■ EXERCISE AIM
Please print, exactly, only the lines in the entries below from the line that has "Zapato Merrell Moab Fst Black/Gris/Grange" through the line that has "FFFFD1974-31BLK - Image 11". Pictures don't go in.

■ SOURCE DATA
_ _ _

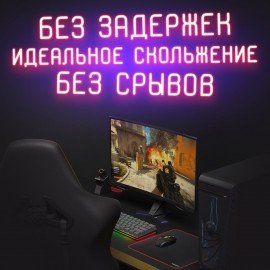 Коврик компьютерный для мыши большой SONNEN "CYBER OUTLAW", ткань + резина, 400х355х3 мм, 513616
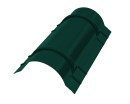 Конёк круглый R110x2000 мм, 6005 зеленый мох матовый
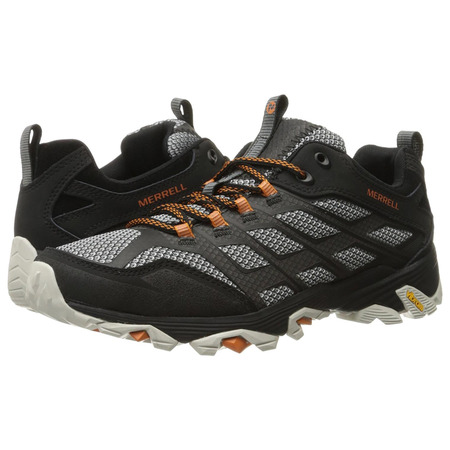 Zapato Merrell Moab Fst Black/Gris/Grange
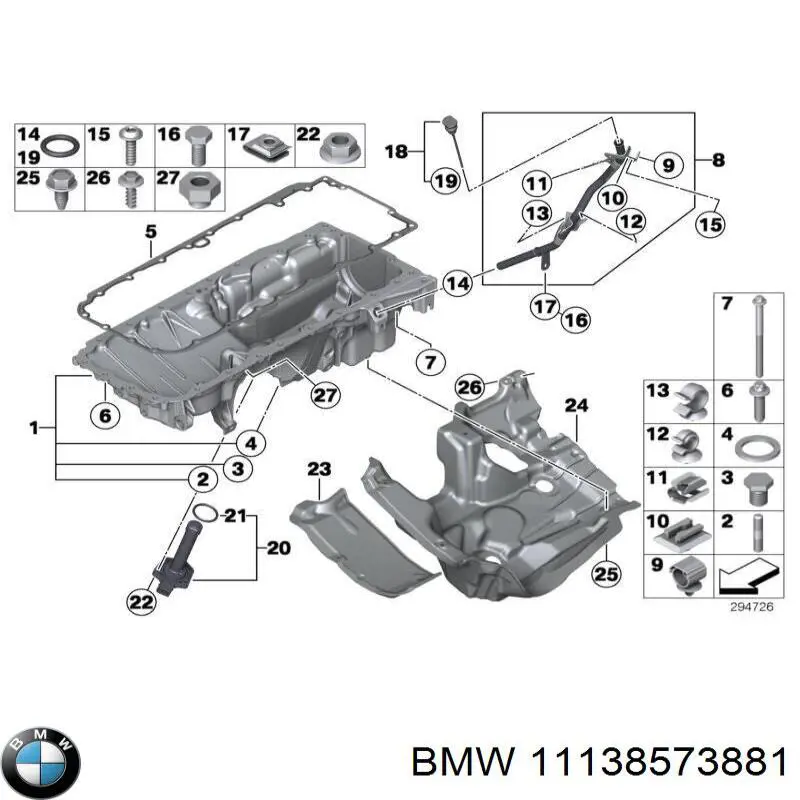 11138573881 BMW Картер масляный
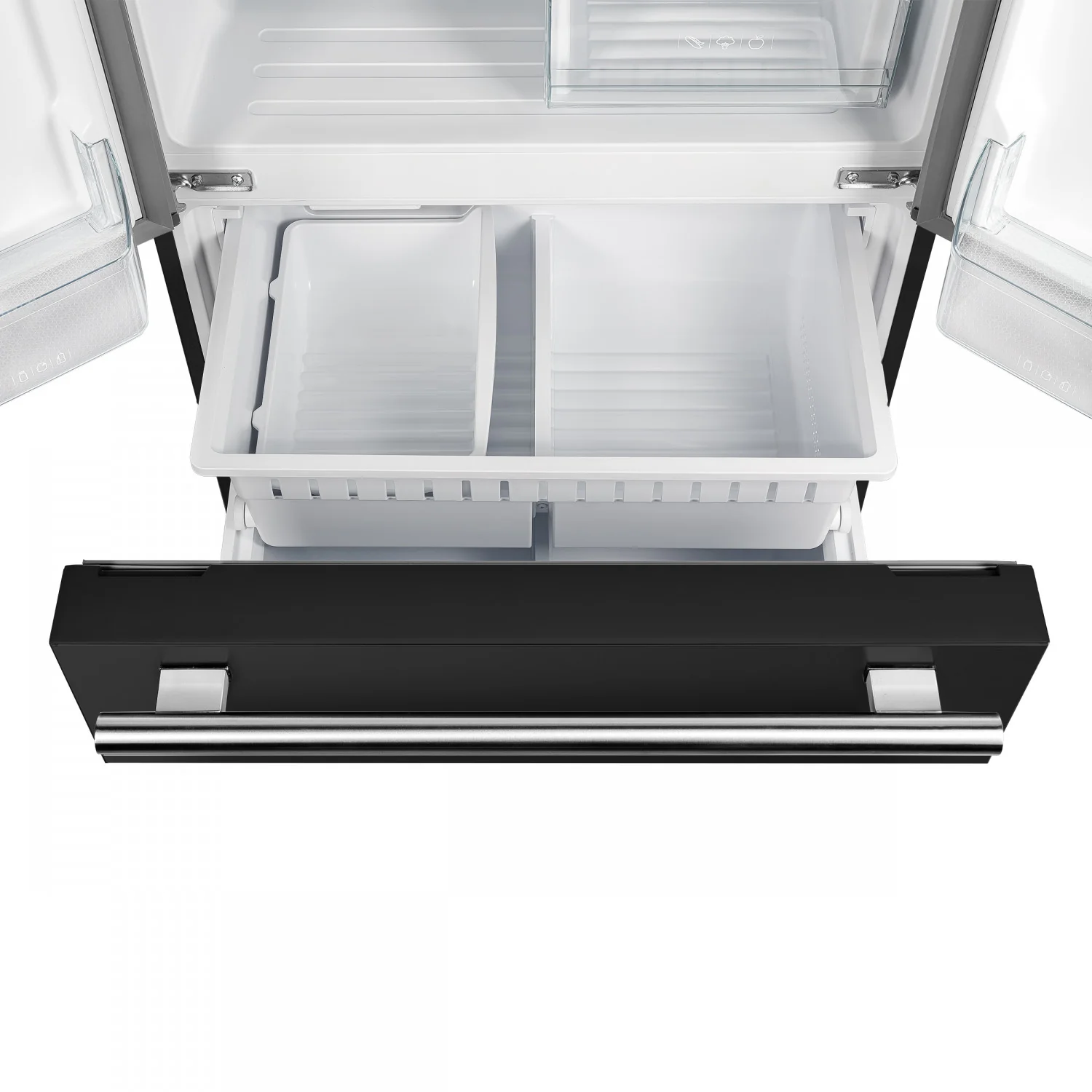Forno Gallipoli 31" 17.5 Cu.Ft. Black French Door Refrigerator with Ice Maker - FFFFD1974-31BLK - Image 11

_ _ _

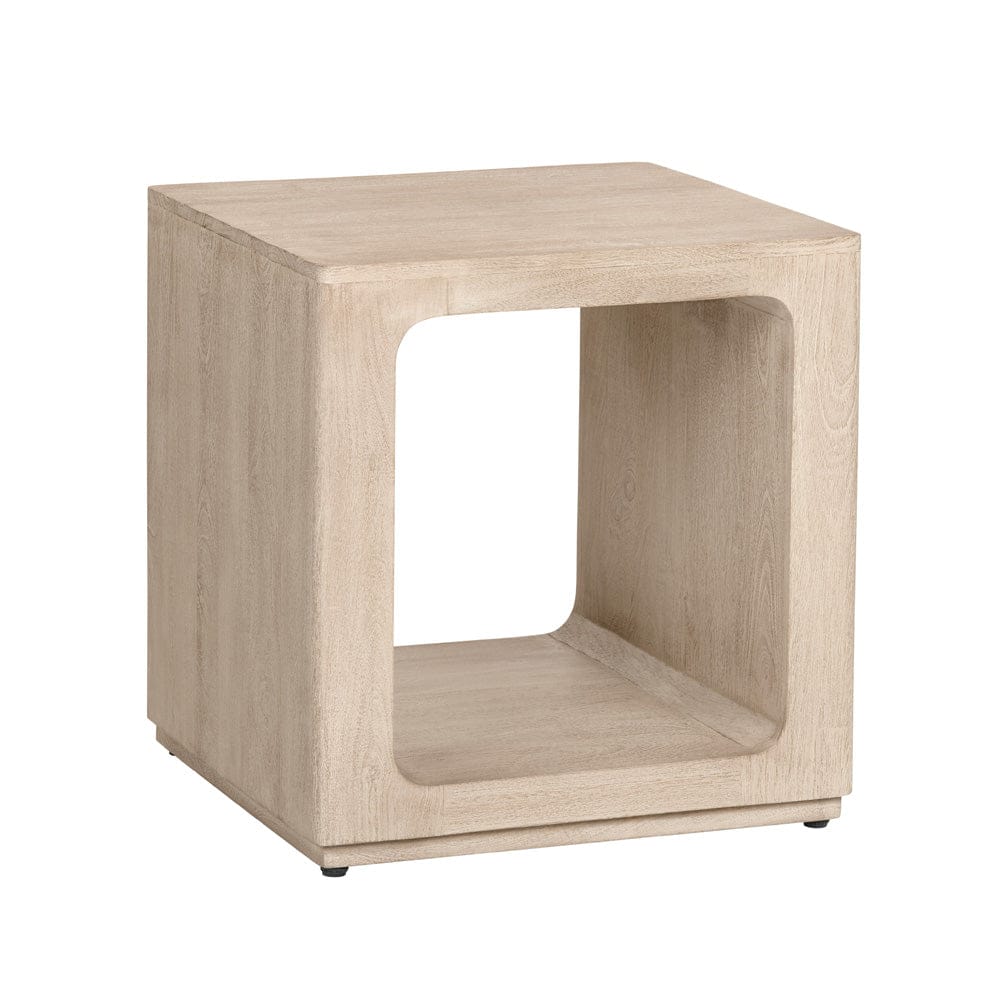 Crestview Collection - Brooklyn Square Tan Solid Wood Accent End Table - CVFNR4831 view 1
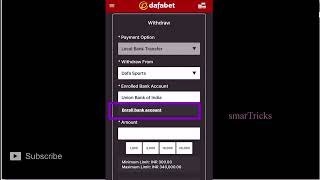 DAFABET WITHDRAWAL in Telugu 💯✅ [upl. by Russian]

_ _ _

■ RESPONSE AREA
 Zapato Merrell Moab Fst Black/Gris/Grange
 11138573881 BMW Картер масляный
Forno Gallipoli 31" 17.5 Cu.Ft. Black French Door Refrigerator with Ice Maker - FFFFD1974-31BLK - Image 11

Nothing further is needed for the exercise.